Google Stadia is the search giant’s big new move in gaming. Unlike traditional games consoles, the software powering Stadia games will run on Google’s data centers, while the games are beamed to user’s screens over the internet.

Stadia won’t be available until November, but you can pre-order a “Founder’s Edition” for $129 now. That package will include a Chromecast Ultra (for streaming games in 4K), a Stadia controller (required for playing), a three-month subscription to Stadia Pro, along with another three-month subscription you can share with a friend. You’ll also get first dibs on picking your Stadia username, which will be tied to your Google account.

A $9.99 per month Stadia Pro subscription will allow you to stream games to your Chromecast-equipped TV, Chrome browser, or to your Pixel 3 or Pixel 3a smartphone. More devices will be supported later, Google says. You’ll also get a selection of free games to play, starting with Destiny 2: The Collection. And you can buy games individually outside your subscription as well.

Before getting started with Google Stadia, you’ll need to make sure your internet connection will be able to handle the data-intensive service. Google recommends a connection of at least 10 Mbps for streaming at 720p quality. For 4K resolution, you’ll need at least 35 Mbps.

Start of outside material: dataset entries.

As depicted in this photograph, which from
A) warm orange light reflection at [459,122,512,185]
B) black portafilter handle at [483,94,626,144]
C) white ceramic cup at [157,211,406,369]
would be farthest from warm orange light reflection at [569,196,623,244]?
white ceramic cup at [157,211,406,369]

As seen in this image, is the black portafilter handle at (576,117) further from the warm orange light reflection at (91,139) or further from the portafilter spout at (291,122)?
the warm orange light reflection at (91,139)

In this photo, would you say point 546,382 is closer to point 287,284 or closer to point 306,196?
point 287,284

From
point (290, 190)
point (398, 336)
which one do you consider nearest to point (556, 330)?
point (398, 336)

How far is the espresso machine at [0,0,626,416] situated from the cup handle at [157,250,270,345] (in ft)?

One downside of Google Stadia: If your internet connection decides to peter out, you won’t be able to play games for a while. And given the lackluster state of broadband more generally — 24 million Americans still lack fixed terrestrial broadband at speeds of 25 Mbps/3 Mbps, according to an FCC report — you might have trouble getting the necessary speeds to begin with, or need to pay extra for a speed boost from your Internet Service Provider (ISP).

What’s a gamer to do?

So which direction should you go? If you already have a console from this generation, the smartest move to make is likely none at all. Buying a console this year would put you on the tail end of a generation — meaning that “new” console will be on the chopping block by next year.

One big exception is gamers looking to upgrade for 4K compatibility. If you have a non-4K PlayStation 4 or Xbox One but you have a 4K television, you’ll see a big difference in making the jump.

And if you don’t yet have a PlayStation 4, Xbox One or Nintendo Switch at all, it’s a perfectly fine time to grab any of them, especially if you score a deal or buy used.

Either way, don’t forget to start saving up for next year. E3 2020 is less than a year away, after all.